The Dry Creek Café’s closed now, but the building’s still out there. Whenever I’m in the area I try to drive by it. It was my church for a while there.

KILL ME AGAIN—

When I was single, I was hanging out at my apartment one Saturday night, and I had planned on a real manly night of sports viewing. Sometimes a man just wants to hang out on his recliner and drink a beer and watch a sporting event, by himself, with no distractions.

There was an important Houston Rockets basketball game on that night, and I was ready for it. I had a cooler with a six-pack of beer, a few sandwiches and chips with dip, television remote controls, everything I needed, all precariously perched on TV trays and the arm of my recliner.
I was in Man Heaven.

Suddenly, a small tree roach ran across my arm. As I reached over to slap it with my hand, I spilled my beer, dropping my sandwich, chips, dip and everything else in the process.

I was furious. As I looked at the dead roach, I muttered to myself, and to the roach, “Dangit, I wish I could kill you again.”

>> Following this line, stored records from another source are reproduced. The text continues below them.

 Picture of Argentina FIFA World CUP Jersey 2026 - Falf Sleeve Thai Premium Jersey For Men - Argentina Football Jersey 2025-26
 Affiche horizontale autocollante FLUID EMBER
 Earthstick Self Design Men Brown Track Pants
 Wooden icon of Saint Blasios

And then it hit me. The idea of “killing you again” was something I could build a hook out of. And at the time I was thinking of writing a really dirty beer joint song, and this hook idea seemed to fit the bill nicely.

So I wrote lyrics about a man encountering a dishonest lover from his past at a bar, and knowing from the drunken look on her face that she’d be up for breaking his heart again, or “killing him again,” at least until she sobered up.

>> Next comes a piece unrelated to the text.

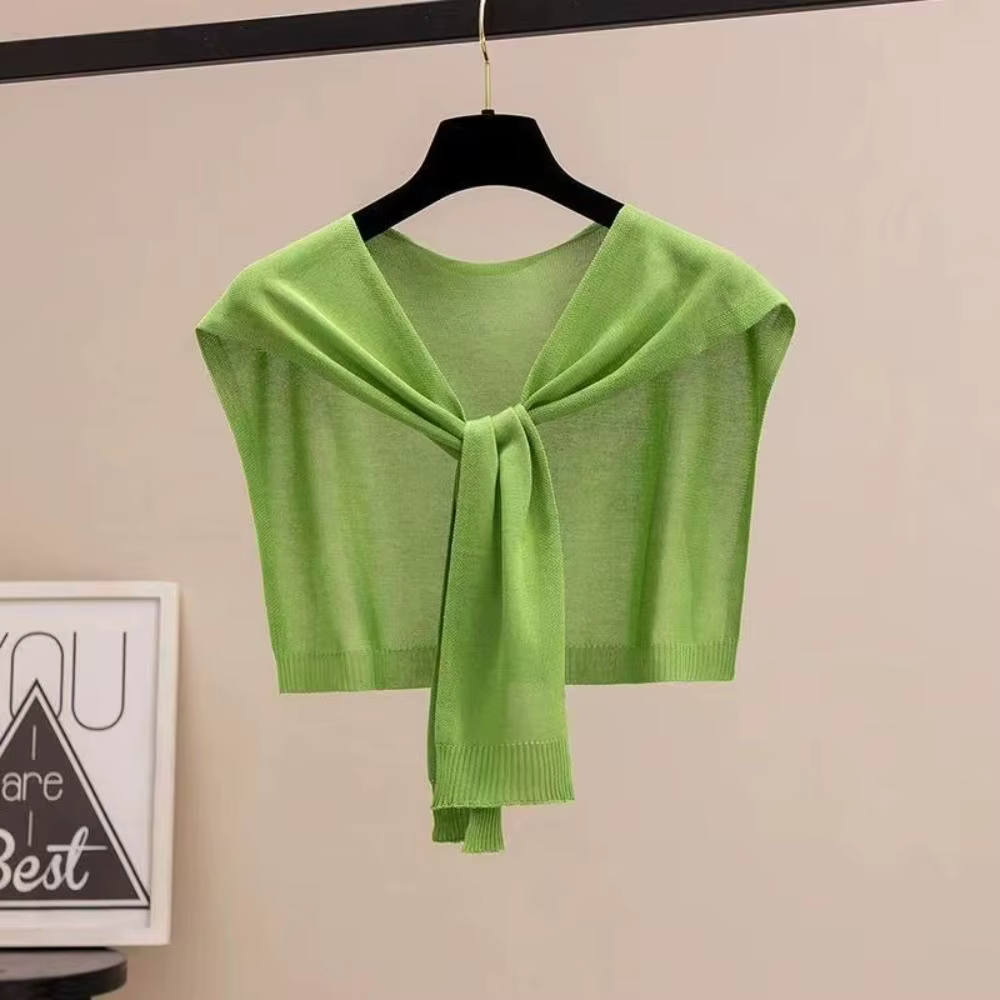 Châle fin en tricot de style coréen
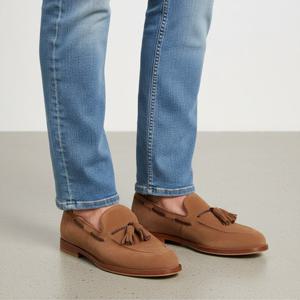 브루넬로 쿠치넬리 브루넬로쿠치넬리 테슬 클래식 스웨이드 슈즈 남성 로퍼 MZUPEAU713 C2692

This song was specifically written with the country legend George Jones in mind. George’s older sister Helen, who’s a very sweet, dear lady who basically raised him, is a family friend. Through Helen my parents met George, and he was really good to my father in his last years. I had been wanting to write a real honky-tonk song that would make him proud.

Helen’s had some health problems this year, but I’m planning on driving her and my mom to Tennessee this summer, to thank George for being so gracious to my dad and to finally hear what he thinks about this song.

CALIFORNIA—

In the mid-nineties, a record company based in Los Angeles arranged a dinner meeting with my songwriting partner Robert Frith and myself in Beaumont, before a showcase Robert and his band was playing for them.
Robert had just recorded an album that was making some noise back home. They said some really flattering things about both of us, proposed a lot, and promised us the moon. It all turned out to be a mirage of sorts.

Robert and I wrote this together, and I wrote the lyrics as an embellished version of our story. It’s the story of an artist who has an opportunity to move to California, and the fallout it brings to his relationship.

I like the sort of Southwestern feel of the arrangement on this one.

NINETEEN NINETY-NINE—

In 1999, I was betrayed by a person really close to me. I wrote this song about it. I purposely re-tooled the story in the song to be about a lover’s betrayal, to keep the real story secret.

I wanted a real stark, minimalist arrangement on this one.